Все, что приведено выше, является ложью. Ничего подобного в своих письмах Государыня не писала. Ее письма были совершенно противоположного содержания. В доказательство мы приведем отрывки из этих писем: «Мы далеко от всех поселились: тихо живем, читаем о всех ужасах, но не будем об этом говорить. Вы во всем этом ужасе живете, достаточно этого. <…> Не надо так мрачно смотреть – голову наверх – бодрее всем в глаза смотреть. Никогда надежду не терять. Господь испытывает, а потом облегчит, полечит все ужасные раны. <…> Надеюсь, ты получила немного съестного, которое я Тебе послала через Лоткаревых и г-жу Краруп? <…> Скажи, получила ли ты разные посылки через знакомых с колбасой, мукой, кофе, чаем и лапшей, и подарки, письма и снимки? <…> Мне нелегко, но я так благодарна за то, что имела. <…> Носишь ли Ты серый шарф, с горячей любовью вязала его. <…> Не унывай, родимая, скорбящая сестра. <…> Связала пару чулок и посылаю Тебе. <…> Страшно тронуты, что X. привез деньги, но, правда, не надо больше – все пока у нас есть. <…> Милая, не надо белья, достаточно совершенно у всех, все имеем. <…> Как Тебя за деньги благодарить? Несказанно тронута. Берегу, чтобы тебе вернуть потом; пока нет нужды. <…> Не стоит так баловать: вам трудно во всех отношениях, а у нас нет лишений, правда. <…> Ужасно тяжело Вам всем живется – бедные – больно думать – все, что вы переживаете. А нам лучше всех живется. <…> Хорошо живем – ни в чем не нуждаемся»112.

Как видим, Императрица Александра Феодоровна не только никого ни о чем не просила, не только не жаловалась, но, наоборот, старалась приободрить своих друзей, в меру возможностей заботилась о них, заверяя, что она и вся Семья ни в чем не нуждаются. Не мыслями о суетном, преходящем наполнены письма Государыни, но тревогой о любимой России, смирением перед волей Божьей, заботой о ближнем и любовью. «Несмотря на то, – пишут составители «Писем Святых Царственных Мучеников из заточения», – что Царственные узники испытывали крайнюю нужду не только в денежных средствах, но и в продуктах питания, Царская Семья продолжала самоотверженно оказывать широкую помощь всем нуждающимся, которые имели счастье с ней соприкасаться»113.

Имя Соловьева упоминается Императрицей всего один раз, если не считать ее письма Соловьеву, подлинность которого не очевидна, и это упоминание не имеет никакого отношения к просьбе о посредничестве.

Таким образом, Мария Распутина либо лжет в своих показаниях, либо ее показания фальсифицированы.

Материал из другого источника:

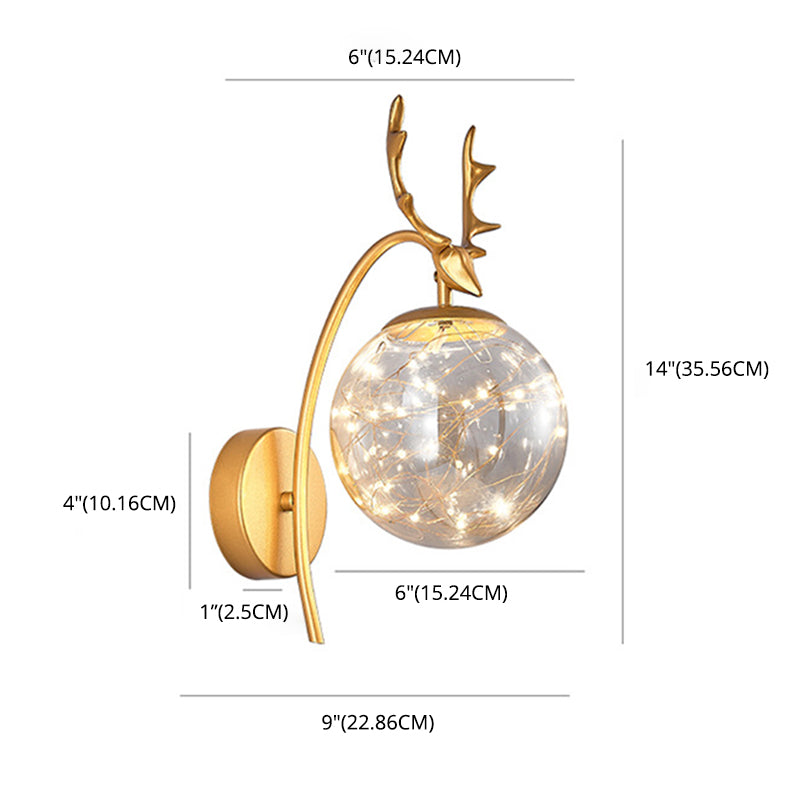 LED Light Strings Simplicity Glass Wall Sconce Metal Antler Design Nordic Style Lighting Fixture for Bedroom Living Room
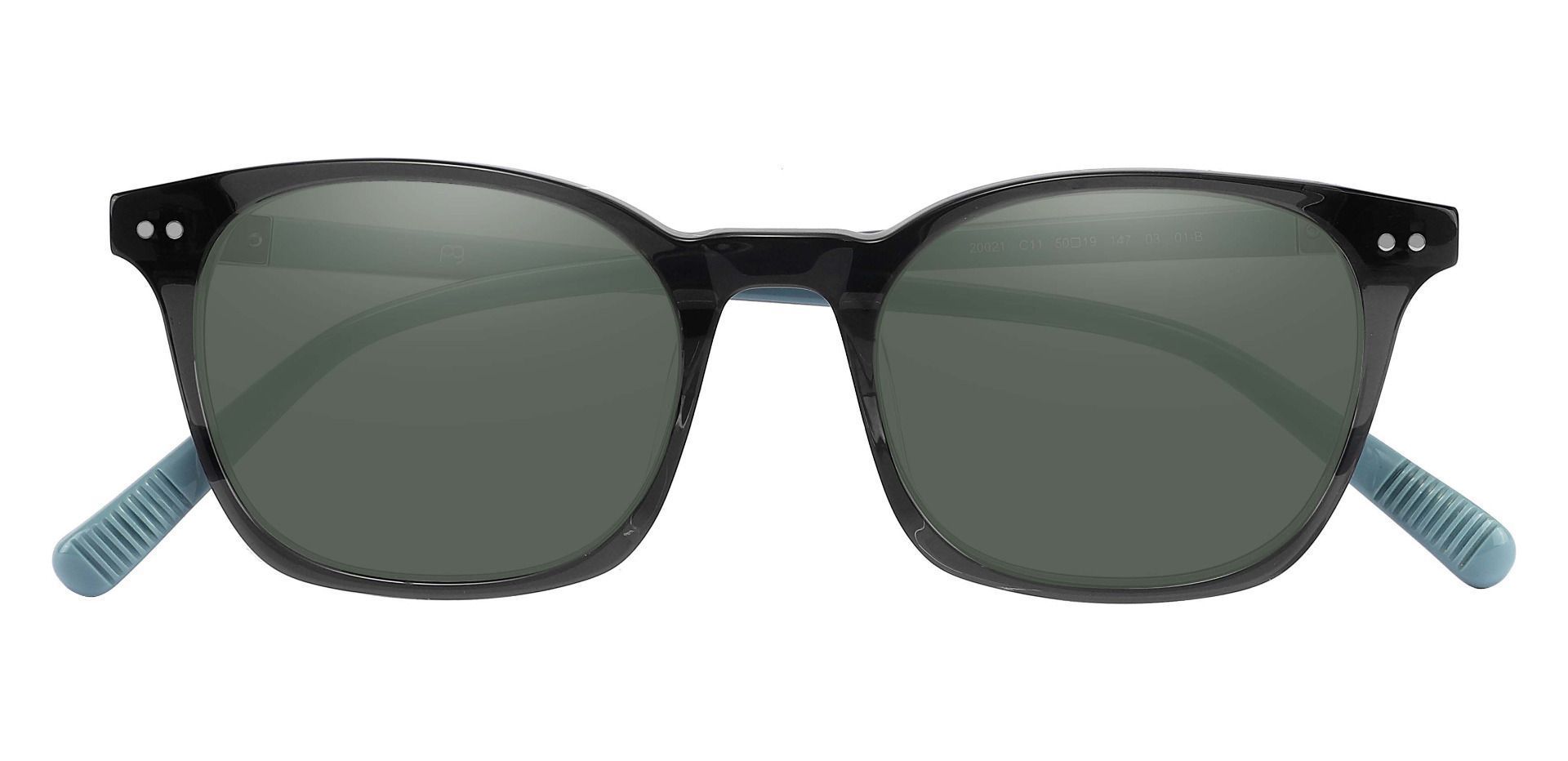Alonzo Square Lined Bifocal Sunglasses - Gray Frame With Green Lenses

Мы не знаем, что лежит в основе этой лжи, но совершенно ясно, что доверять показаниям жены Соловьева в полной мере нельзя: если она солгала единожды, она могла это сделать второй и третий раз.

Соловьев женился на дочери Распутина Марии (Матрене) Григорьевне Распутиной 22 сентября 1917 года. Императрица узнала об этом уже в Тобольском заточении: «Матреша вышла замуж, – писала она, – они сейчас в Петрограде»114. Одни объясняют этот шаг Соловьева благородной верностью слову, он якобы обещал Распутину жениться на его дочери, другие – стремлением войти в доверие к Государыне с целью недопущения спасения Царской Семьи. Со слов Матрены Распутиной, Императрица Александра Феодоровна знала Соловьева со слов самого Г. Распутина и заочно относилась к нему хорошо. Практически все, кто дал показания следователю Н.А. Соколову, отзывались о Соловьеве крайне отрицательно. Причем порой эти свидетельства настолько демонизируют Соловьева, что невольно начинаешь сомневаться в их полной достоверности. Так, поручик Логинов сообщал, что Соловьев гипнотизирует свою жену «ежедневно, ежечасно, ежеминутно. В его присутствии она ничего не может говорить что-либо нежелательное ему. Соловьев носит на себе икону Распутина, подаренную Императрицей, его рубашку и белье. 1 марта 1917 года Соловьев привел к Государственной Думе 15 тысяч войска Петроградского гарнизона. Был назначен адъютантом операционного отдела военно-революционного штаба в Петрограде до октября месяца 1917 года»115.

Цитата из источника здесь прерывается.